疲れが取れないのはミトコンドリア不足のサイン?|さいたま市の鍼灸師が解説

疲れが取れないのはミトコンドリア不足のサイン?|
さいたま市の鍼灸師が解説
「ミトコンドリアを増やすと若返る」——一時期、テレビや健康本でそんな話題をよく見かけましたよね。実はこのミトコンドリア、若返りうんぬんの前に、私たちが毎日を元気に過ごすための「エネルギーを作る仕組み」そのものを担っている、とても身近な存在なんです。
朝から体が重い、寝ても疲れが抜けない——健康診断では「異常なし」なのに、そんな感覚がずっと続いていませんか。

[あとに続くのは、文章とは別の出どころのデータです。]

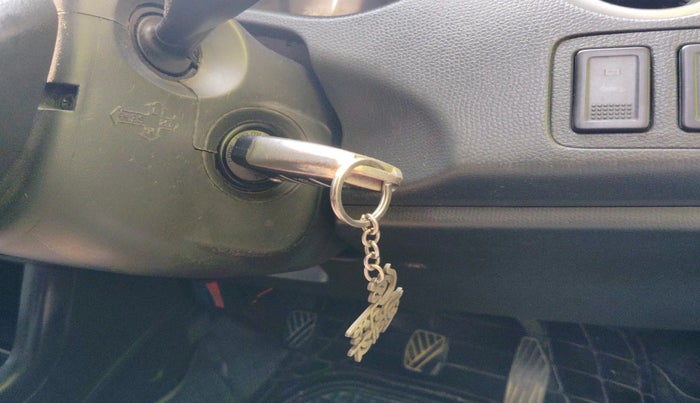 2011 Maruti Swift Dzire VXI, Petrol, Manual, 1,14,258 km, interior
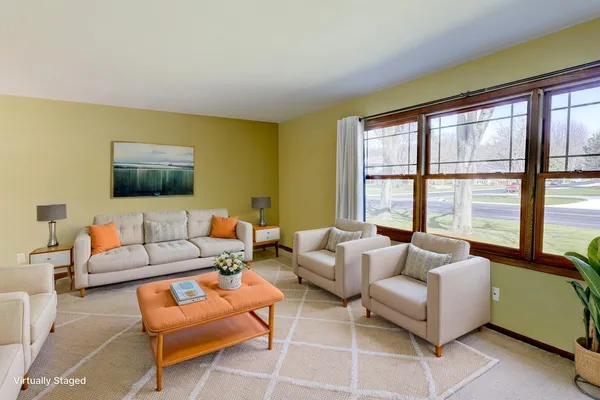 $579,900 | 5310 Valley Mcfarland Wi 53558, McFarland, WI 53558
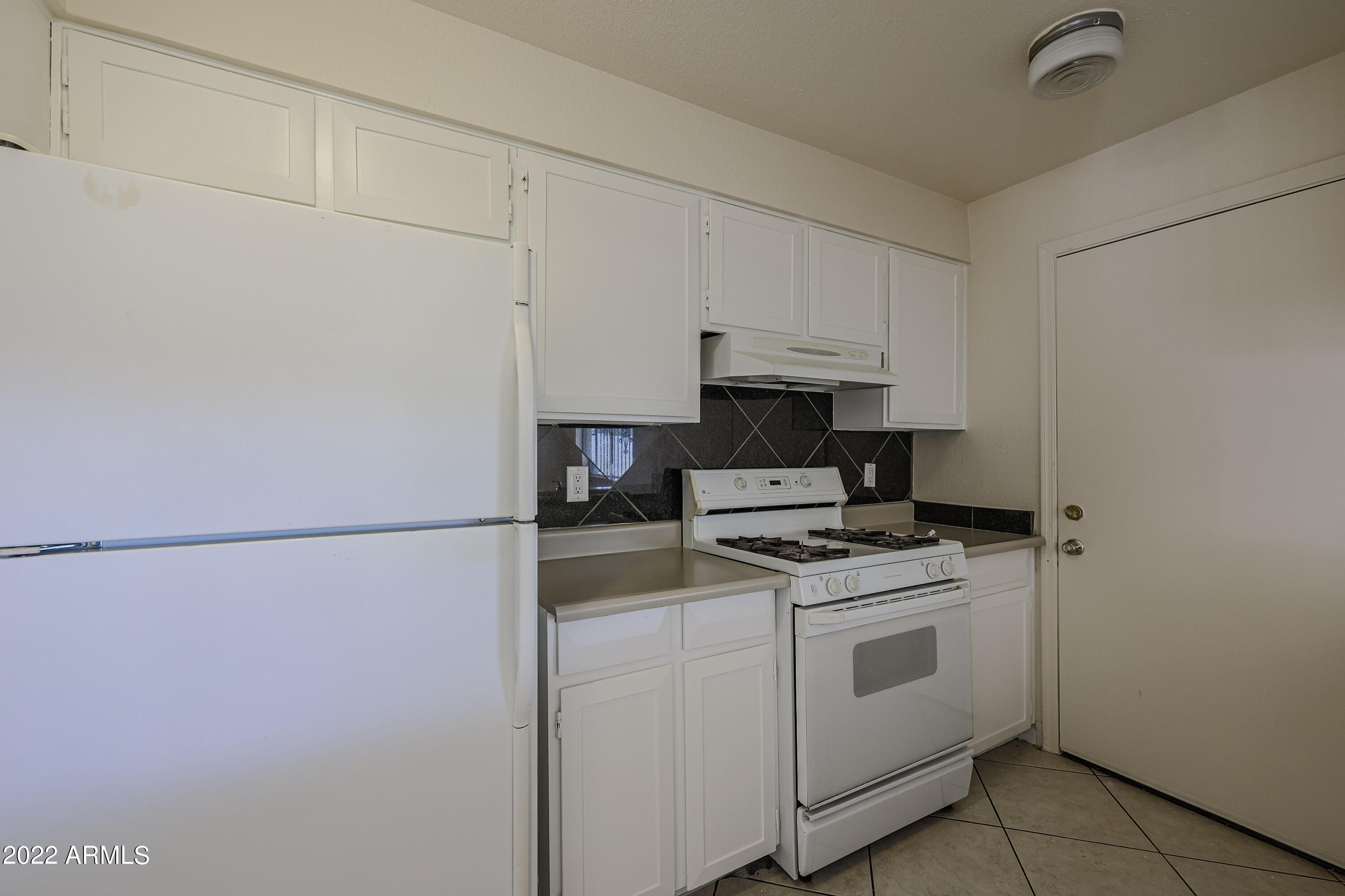 5407 West Granada Road Phoenix, AZ 85035 - Photo 13 of 26 B (12)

疲れは年齢のせいだけではなく、細胞の中でエネルギー(ATP)を作る「ミトコンドリア」がうまく働いていないことも関係しています。ミトコンドリアがエネルギーを作るには、鉄・マグネシウム・ビタミンB群などの栄養素が欠かせません。何を食べるかだけでなく、「エネルギーを作る材料が揃っているか」という視点を持つことが、疲れやすさと付き合っていくヒントになります。
ミトコンドリアって何?
ミトコンドリアとは、細胞の中にある小さな器官で、食べたものと呼吸で取り込んだ酸素を使って、体を動かすためのエネルギー(ATP)を作り出す働きを担っています。以前、「ミトコンドリアを増やせば若返る」といった書籍やテレビ番組が話題になったことがありましたが、これはミトコンドリアの働きが老化や疲れやすさと深く関わっていることが分かってきたためです。いわば体の中にある「発電所」のような存在で、1つの細胞に数百〜数千個も存在し、休むことなく働き続けています。

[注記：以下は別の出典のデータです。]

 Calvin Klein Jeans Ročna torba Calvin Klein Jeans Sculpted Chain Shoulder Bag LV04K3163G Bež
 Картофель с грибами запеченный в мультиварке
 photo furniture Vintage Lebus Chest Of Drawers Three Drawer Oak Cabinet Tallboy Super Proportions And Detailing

心臓や筋肉、脳など、エネルギーをたくさん使う臓器ほどミトコンドリアの数が多いことが分かっています。逆にいえば、ミトコンドリアの働きが落ちると、体のあらゆる場所で「エネルギー不足」のサインが出やすくなります。
「食べているのに元気が出ない」のはなぜ?
エネルギー(ATP)は、食べたものをそのまま使っているわけではなく、体の中で何段階もの化学反応を経て作られています。この反応の一つひとつに、鉄・マグネシウム・ビタミンB群といった栄養素が「補助役」として関わっており、これらが不足すると、カロリーは足りていてもエネルギーへの変換がスムーズに進みにくくなると考えられています。
たとえば鉄は、エネルギーを作る最終段階で酸素を受け渡す役割を担っており、貧血気味の方が疲れやすいのはこのためとも言われています。関連記事:「貧血ではない」と言われたのに続くその不調もあわせてご覧ください。
疲れやすさの背景には何がある?
ミトコンドリアの働きは、食事だけでなく日々の生活習慣にも左右されます。
- 睡眠不足や睡眠の質の低下(回復・修復の時間が足りない)
- 慢性的なストレス(エネルギーの消耗が増える)
- 丼もの系や外食が多いなど、栄養バランスが偏りやすい食べ方
- 加齢に伴う、エネルギーを作る力そのものの低下
今日からできること
ミトコンドリアが働くための材料は、特別な食品ではなく、普段の食事の中で意識できるものばかりです。
- 魚(鉄・オメガ3・良質なタンパク質)を意識して取り入れる
- 卵・大豆製品(タンパク質・ビタミンB群)を毎食に少しずつ
- 色の濃い野菜や果物(ビタミンC・抗酸化成分)を彩りよく
- ナッツ類・海藻・豆類(マグネシウム・ミネラル)を間食や副菜に
- 未精製の穀物(玄米・全粒粉など)でビタミンB群・ミネラルを補う
- 関連記事:疲れが取れないのはタンパク質不足のサイン?
- 関連記事:ご飯を食べても疲れが取れない理由とは?
よくある質問
まとめ
- 疲れは年齢だけでなく、エネルギーを作る仕組み(ミトコンドリア)の働きも関係している
- エネルギー産生には鉄・マグネシウム・ビタミンB群などの栄養素が欠かせない
- 特別な食品ではなく、魚・卵・野菜・ナッツ・未精製穀物など、普段の食事の質を見直すことが第一歩
「もう年齢だから」と諦める前に、まずは体がエネルギーを作りやすい状態を整えることから始めてみませんか。